Official Student Newspaper of Henry M. Gunn High School

The Oracle

Official Student Newspaper of Henry M. Gunn High School

The Oracle

Official Student Newspaper of Henry M. Gunn High School

The Oracle

Presidents’ Day deserves better

By Cooper Aspegren:

During the month of February, it’s Valentine’s Day that gets all the attention, with the majority of Americans using the holiday to cherish their significant other and to celebrate the idea of romance. But why does romance need a special day?  Shouldn’t it be celebrated every day of the year?  Rather, it’s Presidents who should have a special day in the middle of winter.

Presidents spend 365 days a year on the defensive, trying to do their best for Americans under constant critique and criticism. Presidents are at work twenty hours a day, seven days a week. They are under constant surveillance; almost every word a President utters ends up in the newspaper and on the Internet. If they spell potato “P-O-T-A-T-O-E” on national television, Americans regard them as national pariahs (it was in fact a vice president, Dan Quayle, who actually misspelled the word “potato”–and in the process likely sacrificed the re-election of George H.W. Bush). Presidents can’t go out for dinner or to the movies in a public theater without being scrutinized. As Ronald Reagan said it repeatedly, a president can’t “walk down the street to the corner drugstore and look at some magazines.” Every time a president exercises, it’s a media event.  If a rabbit attacks a Presidents’ boat while he is fishing (an event that happened to 39th President Jimmy Carter), the President is regarded as weak and ineffectual.

And the stress! Presidents make the most difficult decisions, impacting millions of lives across the globe.
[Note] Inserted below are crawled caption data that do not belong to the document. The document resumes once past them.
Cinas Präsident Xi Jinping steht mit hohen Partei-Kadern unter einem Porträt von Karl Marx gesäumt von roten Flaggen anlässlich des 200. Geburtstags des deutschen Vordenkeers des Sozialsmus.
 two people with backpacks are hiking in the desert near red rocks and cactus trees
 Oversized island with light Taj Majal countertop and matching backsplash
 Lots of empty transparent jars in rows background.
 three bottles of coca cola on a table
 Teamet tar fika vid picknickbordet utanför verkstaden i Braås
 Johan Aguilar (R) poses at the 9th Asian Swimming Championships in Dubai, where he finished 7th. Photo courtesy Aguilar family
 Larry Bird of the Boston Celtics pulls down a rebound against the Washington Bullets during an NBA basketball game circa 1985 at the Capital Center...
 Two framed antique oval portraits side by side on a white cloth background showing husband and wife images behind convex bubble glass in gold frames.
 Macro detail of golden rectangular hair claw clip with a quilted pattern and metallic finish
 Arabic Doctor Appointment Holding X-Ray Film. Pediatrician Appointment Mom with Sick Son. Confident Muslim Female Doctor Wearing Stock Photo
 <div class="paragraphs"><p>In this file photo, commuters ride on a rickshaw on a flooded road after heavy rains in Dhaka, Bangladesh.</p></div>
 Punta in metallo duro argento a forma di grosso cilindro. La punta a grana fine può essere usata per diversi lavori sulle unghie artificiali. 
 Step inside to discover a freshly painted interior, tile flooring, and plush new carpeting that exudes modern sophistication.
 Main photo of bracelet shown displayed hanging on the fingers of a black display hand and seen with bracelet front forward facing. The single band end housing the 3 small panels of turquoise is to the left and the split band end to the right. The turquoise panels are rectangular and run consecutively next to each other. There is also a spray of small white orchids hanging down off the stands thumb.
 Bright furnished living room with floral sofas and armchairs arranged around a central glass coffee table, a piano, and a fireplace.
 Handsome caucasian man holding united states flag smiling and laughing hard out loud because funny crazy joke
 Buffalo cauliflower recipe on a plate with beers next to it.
We all know pressure and stress, from exam days, projects and sport events.  I can’t imagine what a President must feel when he makes a decision, as there’s always someone who complains or, in the case of the other President Bush, throws a shoe at him. (Bush might find solace in the fact that, unlike President Taft, he did not find himself ducking from a thrown cabbage.)

For all that they do, we should set aside Presidents’ Day to remember and pay tribute to our past and present Commanders in Chief, famous and obscure, Lincoln-like and Buchanan-like. The 44 Presidents of the United States all served their nation at wartime and at peacetime, during times of economic strife and in periods of fiscal growth. Regardless of political differences between Republicans, Democrats and other parties, on Presidents’ Day, we should pause to honor these individuals for taking on the most difficult job in the world and, with the possible exception of Warren Harding, for satisfying their duties to the best of their abilities.

I’m not suggesting that we plant peanuts in the garden by T-9 in honor of President Carter, or that the theatre adapt Ronald Reagan movies, like “Bedtime for Bonzo” and “Knute Rockne: All American,” into plays. Though it might be nice if P.E. teachers taught students how to juggle clubs, in honor of 20th President James Garfield, who used this weight-lifting exercise to build up his arm muscles.

As a member of the president-idolizing minority, I think we should find some way to commemorate Presidents’ Day, something more than just a day off from school.  I might be biased, given that I share a birthday with a president.  But despite the fact that they occasionally commit questionable, unreasonable and shameful acts, Presidents do deserve our appreciation and respect—at least one day a year.